• DATA EXTRACT:

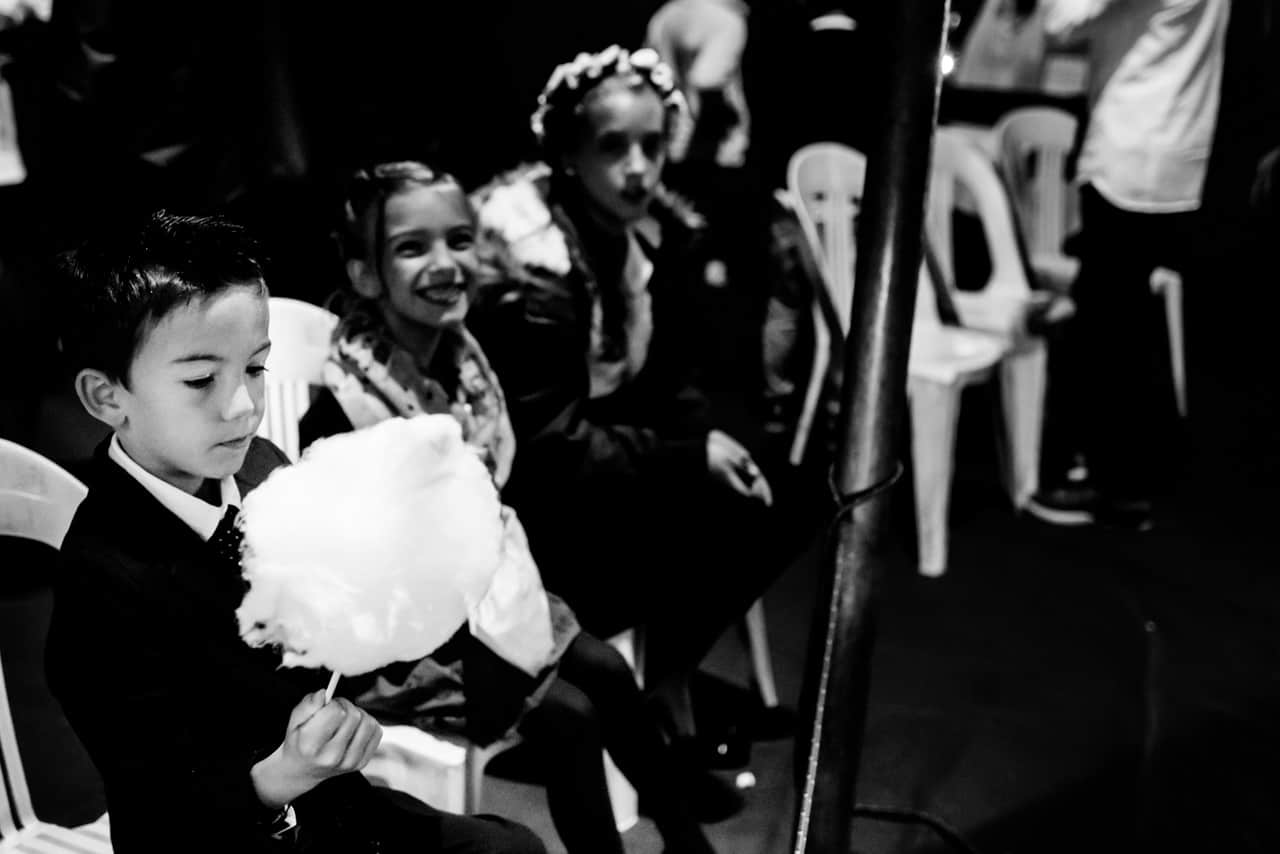 Un mariage avec de nombreux enfants De nombreux enfants parmi l'assistance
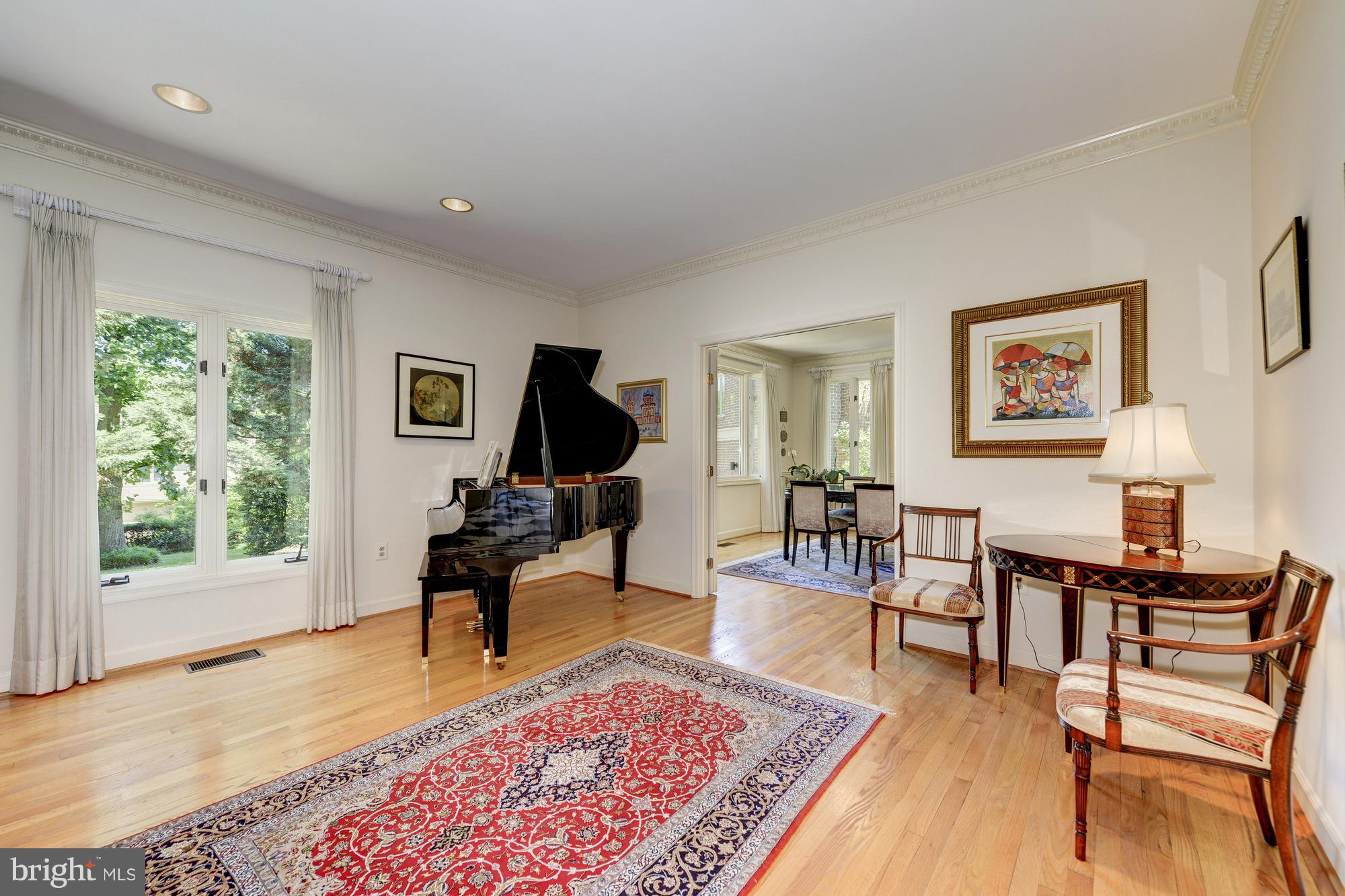 4709 Foxhall Crescent Northwest Washington, DC 20007 - Photo 10 of 29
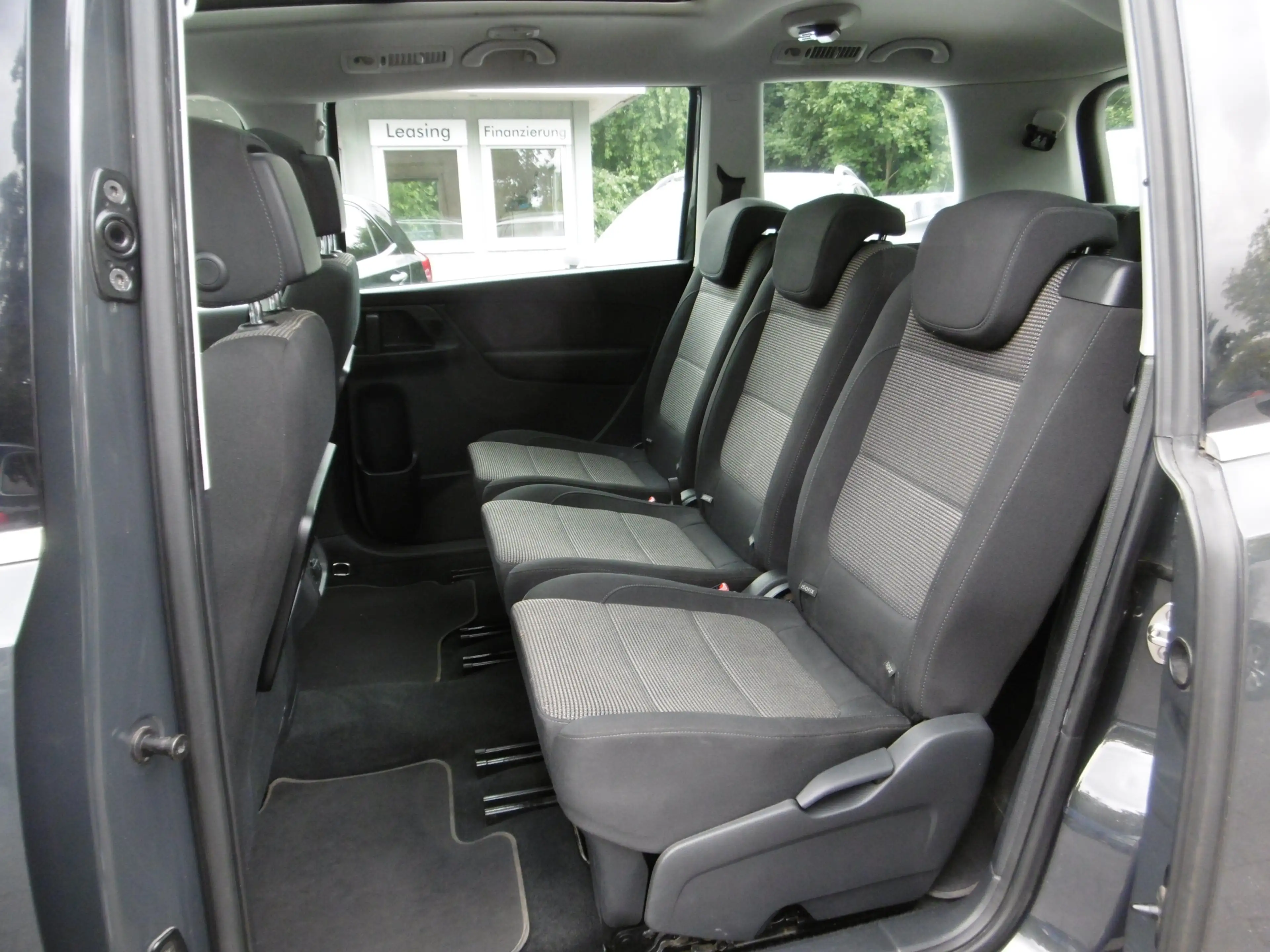 Volkswagen Sharan 1.4TSi Automatik Nav Panorama 7-Sitze PDC — photo 4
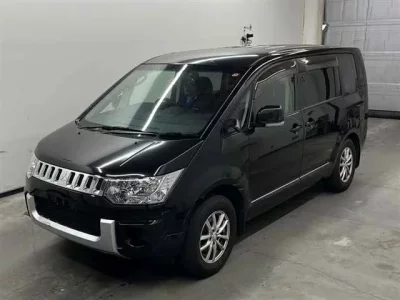 Mitsubishi DELICA D5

• WHAT THIS TASK INVOLVES: Recopy the whole listing above precisely, excluding images.

• RESPONSE:
 Un mariage avec de nombreux enfants De nombreux enfants parmi l'assistance
 4709 Foxhall Crescent Northwest Washington, DC 20007 - Photo 10 of 29
 Volkswagen Sharan 1.4TSi Automatik Nav Panorama 7-Sitze PDC — photo 4
 Mitsubishi DELICA D5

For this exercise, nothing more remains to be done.